Tutti dicono “I love Soa”. I fornitori si dichiarano business oriented

Il tormentone di fine maggio è stato: Service oriented architecture. I principali vendor lo hanno cantato, chi sul palco delle user conference, davanti a migliaia di persone (Computer Associates e Bea), chi nelle “sale prove” dei test center (Ibm). È già diventato un “classico” dell’It aziendale.

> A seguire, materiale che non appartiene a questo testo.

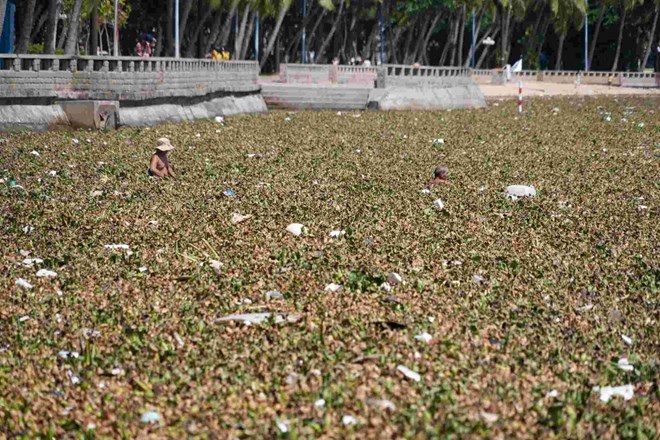 Vũng Tàu triển khai nhiều giải pháp ngăn rác thải tấn công biển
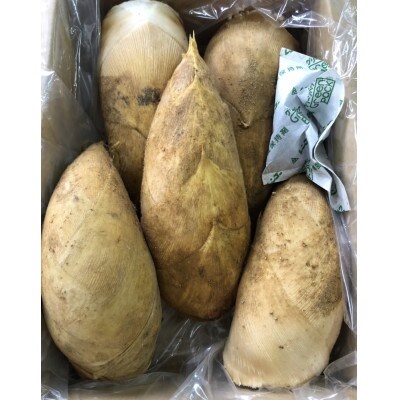 長岡京市産京たけのこ 4kg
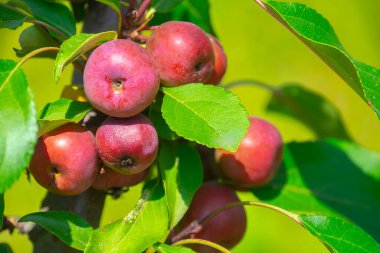 Kırmızı elmalar dalda, hasat zamanı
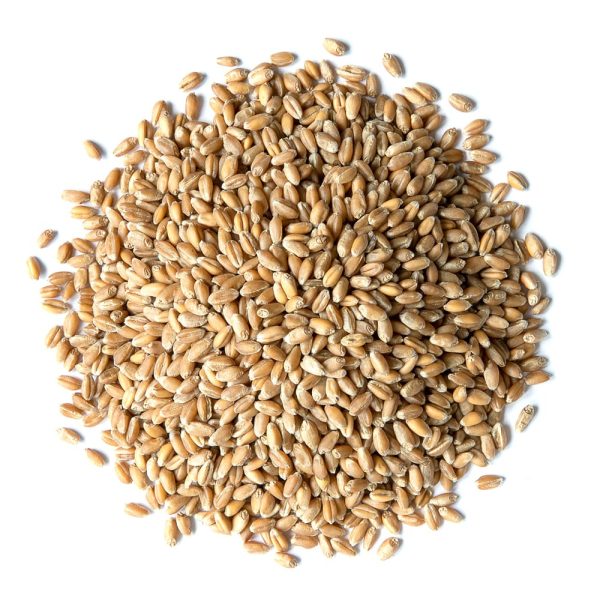 Wheat Berries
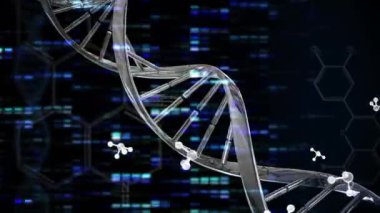 DNA ipliği üzerinde molekül ve veri işleme animasyonu ve siyah arkaplan üzerinde hareket eden sütunlar. Bilim, bilgisayar ve dijital arayüz kavramı dijital olarak oluşturulmuş video.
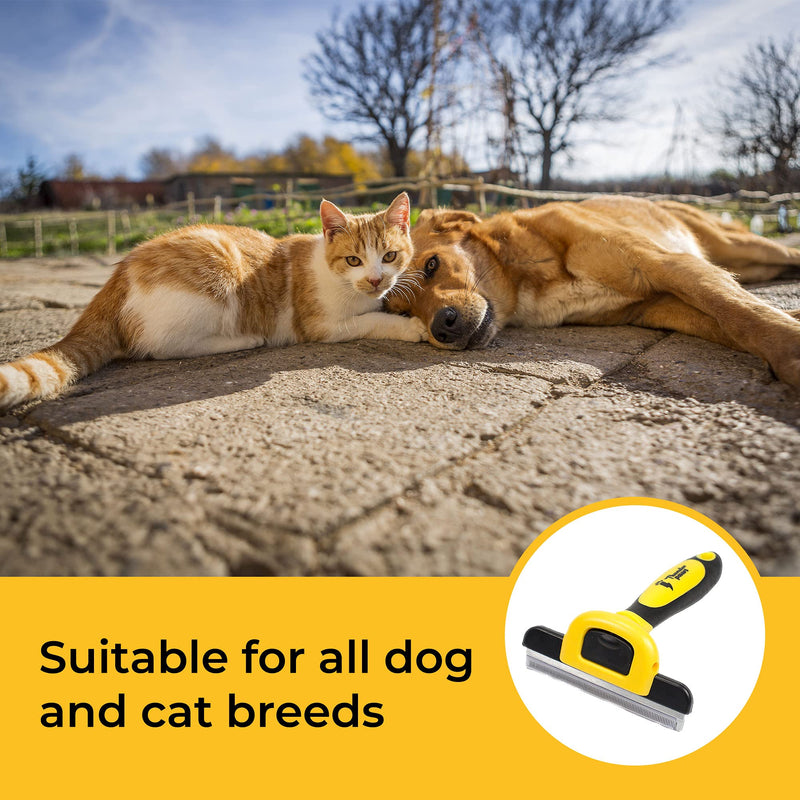 Best Professional Deshedding Tool and Pet Grooming Brush – D-Shedz by Thunderpaws for Small, Medium and Large Breeds of Dogs and Cats with Short or Long Hair Yellow - PawsPlanet Australia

Service oriented architecture: un castello applicativo in cui le funzioni sono definite con un linguaggio di descrizione e hanno interfacce, indipendenti dalla piattaforma, per innescare processi di business. Queste sono le Soa, cioè le figlie di Corba, di DCom e anche dei Web service. Ovvero, l’oggetto del desiderio di tutti i fornitori di infrastruttura It. Per capirlo, basta guardare cosa è successo negli ultimi dieci giorni. Partiamo dal CaWorld, la manifestazione che Computer Associates dedica a utenti e partner. Il messaggio loro veicolato è stato quello riguardante la necessità di creare un’infrastruttura integrata, in grado di autogestirsi e amministrarsi. Il concetto, secondo Ca, diventa pratica con la creazione di ambienti dinamici, che siano, per natura, una risposta alle esigenze delle imprese e in grado di assicurare la correlazione delle informazioni che transitano sulle applicazioni. Ca pensa che Web service e Soa siano il fondamento di un approccio alla gestione delle risorse It basato sull’utility computing e sull’on demand di asset e applicazioni. Unicenter Wsdm 3.1, Web Services Distributed Management esemplifica l’idea di un tool che garantisce il presidio dei Web service e degli ambienti basati su architetture Soa, fornendo una console per la gestione centralizzata delle Soa in ambienti on demand, ed estendendo le funzionalità tipiche delle soluzioni di gestione delle infrastrutture It alle tecnologie Xml o Corba.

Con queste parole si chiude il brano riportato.